Tal vez sería más ajustado, y también mucho más útil para la sociedad y menos rentable para él, tratar su contumacia en la bravata y el insulto como se trató en su día a aquel hostelero que se plantó contra la ley antitabaco y dijo que por sus narices en su bar se fumaba.
Bastaron unas cuantas multas, de importe creciente, para que comprendiera lo estúpido y empobrecedor de su actitud. Parece que también le iría mejor a Hasél: las pagaría o no, se incoarían los correspondientes embargos y todo se iría desdibujando en una burocracia sin espectáculo ni glamur.
No se ha hecho así, y ya la tenemos liada. En la vanguardia del haselismo están, cómo no, los sospechosos habituales: los grupos antisistema, antifa, anarquistas, ultras futboleros, CDR, menores cabreados con sus padres o con la sociedad (tanto da) que levantarían adoquines y quemarían contenedores por Pablo Hasél o por Joker: lo que importa es tener un banderín que permita hacerse un selfi ante una ciudad en llamas.
Tras ellos, a su lado o delante, dependiendo del día, hay otros muchos jóvenes que ven en el asunto la válvula de escape para dar salida a las insatisfacciones que legítimamente sienten, ante un sistema que no les ofrece oportunidades de futuro a la altura de sus expectativas. Verdad es que ninguna generación anterior ha dispuesto de algo semejante, pero tal vez harían bien nuestras autoridades dedicando un rato a pensar en cómo se puede desactivar o mitigar esa frustración, tan peligrosa.

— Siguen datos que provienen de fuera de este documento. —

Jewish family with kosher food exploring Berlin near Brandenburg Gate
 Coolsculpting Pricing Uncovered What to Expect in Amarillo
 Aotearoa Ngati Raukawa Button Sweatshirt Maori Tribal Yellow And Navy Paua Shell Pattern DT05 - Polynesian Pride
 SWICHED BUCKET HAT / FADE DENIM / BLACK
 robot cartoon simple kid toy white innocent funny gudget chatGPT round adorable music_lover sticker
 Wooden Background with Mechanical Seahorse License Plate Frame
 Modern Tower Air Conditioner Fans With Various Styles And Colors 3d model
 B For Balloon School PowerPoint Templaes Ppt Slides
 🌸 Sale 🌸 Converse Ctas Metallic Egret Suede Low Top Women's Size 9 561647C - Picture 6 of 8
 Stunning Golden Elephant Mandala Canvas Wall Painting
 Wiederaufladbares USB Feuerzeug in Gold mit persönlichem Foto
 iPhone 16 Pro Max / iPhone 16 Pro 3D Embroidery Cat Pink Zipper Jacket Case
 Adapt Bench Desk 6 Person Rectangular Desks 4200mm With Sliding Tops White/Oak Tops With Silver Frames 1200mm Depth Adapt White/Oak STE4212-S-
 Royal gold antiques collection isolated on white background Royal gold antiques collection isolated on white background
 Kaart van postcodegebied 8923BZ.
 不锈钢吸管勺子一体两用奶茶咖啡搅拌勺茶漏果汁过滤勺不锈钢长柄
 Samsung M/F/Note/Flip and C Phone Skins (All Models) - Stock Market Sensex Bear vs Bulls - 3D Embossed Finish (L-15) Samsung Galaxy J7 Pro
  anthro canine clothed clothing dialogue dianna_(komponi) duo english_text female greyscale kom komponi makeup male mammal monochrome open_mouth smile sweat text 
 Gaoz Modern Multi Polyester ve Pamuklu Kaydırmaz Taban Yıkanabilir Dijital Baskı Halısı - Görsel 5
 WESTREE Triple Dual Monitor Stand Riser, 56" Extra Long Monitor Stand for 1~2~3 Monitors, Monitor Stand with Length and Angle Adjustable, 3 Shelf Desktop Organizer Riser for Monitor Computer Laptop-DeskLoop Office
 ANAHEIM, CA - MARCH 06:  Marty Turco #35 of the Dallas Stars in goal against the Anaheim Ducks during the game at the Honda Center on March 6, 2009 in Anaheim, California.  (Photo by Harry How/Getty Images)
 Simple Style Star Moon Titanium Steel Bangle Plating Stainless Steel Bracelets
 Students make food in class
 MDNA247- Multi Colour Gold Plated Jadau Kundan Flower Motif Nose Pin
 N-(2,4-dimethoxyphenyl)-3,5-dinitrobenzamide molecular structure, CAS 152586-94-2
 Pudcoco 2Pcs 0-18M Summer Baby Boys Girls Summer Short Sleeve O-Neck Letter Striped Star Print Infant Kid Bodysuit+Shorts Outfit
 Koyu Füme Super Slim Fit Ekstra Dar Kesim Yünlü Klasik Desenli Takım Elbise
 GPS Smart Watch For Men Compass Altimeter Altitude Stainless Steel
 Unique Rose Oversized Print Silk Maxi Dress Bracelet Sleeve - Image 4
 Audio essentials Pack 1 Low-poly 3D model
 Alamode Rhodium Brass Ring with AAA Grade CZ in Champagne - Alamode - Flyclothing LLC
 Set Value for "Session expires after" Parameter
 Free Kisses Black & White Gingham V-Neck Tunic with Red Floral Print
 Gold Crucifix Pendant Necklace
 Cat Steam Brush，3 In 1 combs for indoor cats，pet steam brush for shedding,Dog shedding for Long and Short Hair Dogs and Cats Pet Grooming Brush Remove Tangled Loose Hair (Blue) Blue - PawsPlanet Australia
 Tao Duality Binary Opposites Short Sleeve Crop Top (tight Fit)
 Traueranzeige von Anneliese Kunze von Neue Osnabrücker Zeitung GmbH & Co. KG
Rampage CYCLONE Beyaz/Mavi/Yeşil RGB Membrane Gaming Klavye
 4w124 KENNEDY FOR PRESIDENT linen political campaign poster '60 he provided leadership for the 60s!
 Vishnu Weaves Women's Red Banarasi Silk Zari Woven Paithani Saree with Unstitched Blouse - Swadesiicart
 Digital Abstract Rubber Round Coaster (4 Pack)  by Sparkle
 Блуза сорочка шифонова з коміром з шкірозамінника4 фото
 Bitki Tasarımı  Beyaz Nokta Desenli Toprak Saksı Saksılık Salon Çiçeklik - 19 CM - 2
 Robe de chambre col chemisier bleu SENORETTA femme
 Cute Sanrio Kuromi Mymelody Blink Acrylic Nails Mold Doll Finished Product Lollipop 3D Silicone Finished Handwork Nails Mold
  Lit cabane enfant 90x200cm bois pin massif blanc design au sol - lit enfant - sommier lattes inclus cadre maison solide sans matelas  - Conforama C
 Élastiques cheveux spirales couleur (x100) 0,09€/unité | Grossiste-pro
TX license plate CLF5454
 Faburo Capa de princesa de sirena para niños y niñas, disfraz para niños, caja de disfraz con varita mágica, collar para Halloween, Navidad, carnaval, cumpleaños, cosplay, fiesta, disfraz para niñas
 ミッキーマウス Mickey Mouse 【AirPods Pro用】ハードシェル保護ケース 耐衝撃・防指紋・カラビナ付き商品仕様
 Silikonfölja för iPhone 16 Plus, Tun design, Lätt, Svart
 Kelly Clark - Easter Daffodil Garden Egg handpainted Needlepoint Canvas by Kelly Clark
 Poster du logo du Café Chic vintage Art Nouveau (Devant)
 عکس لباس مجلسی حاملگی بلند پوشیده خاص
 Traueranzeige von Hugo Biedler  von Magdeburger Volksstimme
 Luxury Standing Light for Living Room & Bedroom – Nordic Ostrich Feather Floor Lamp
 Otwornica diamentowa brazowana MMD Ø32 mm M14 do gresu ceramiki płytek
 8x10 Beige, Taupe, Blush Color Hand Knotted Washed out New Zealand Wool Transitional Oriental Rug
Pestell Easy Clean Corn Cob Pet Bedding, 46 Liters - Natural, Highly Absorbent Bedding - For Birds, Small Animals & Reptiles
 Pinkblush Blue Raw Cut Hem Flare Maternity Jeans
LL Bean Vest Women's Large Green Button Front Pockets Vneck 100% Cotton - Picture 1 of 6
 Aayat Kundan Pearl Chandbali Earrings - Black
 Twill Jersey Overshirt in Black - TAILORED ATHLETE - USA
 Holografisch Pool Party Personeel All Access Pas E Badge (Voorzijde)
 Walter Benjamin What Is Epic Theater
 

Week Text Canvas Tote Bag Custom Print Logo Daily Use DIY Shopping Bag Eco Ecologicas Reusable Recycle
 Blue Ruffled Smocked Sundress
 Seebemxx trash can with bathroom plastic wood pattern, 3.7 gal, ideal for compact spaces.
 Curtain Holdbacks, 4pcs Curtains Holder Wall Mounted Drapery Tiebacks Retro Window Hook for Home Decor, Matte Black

Y en la cómoda retaguardia, pero sin que ello aminore su responsabilidad en los estropicios, están todos los dirigentes, opinadores, intelectuales, artistas y demás preceptores de lo que es correcto que los justifican al no distinguir entre el atropello de las libertades al estilo de Mussolini (o de Stalin) y la errónea graduación en la respuesta a un individuo antisocial por parte de una democracia que, con carácter general, está muy lejos de reprimir a nadie por su opinión, por muy extrema que sea.
Nunca hay que subestimar el peso de la retaguardia.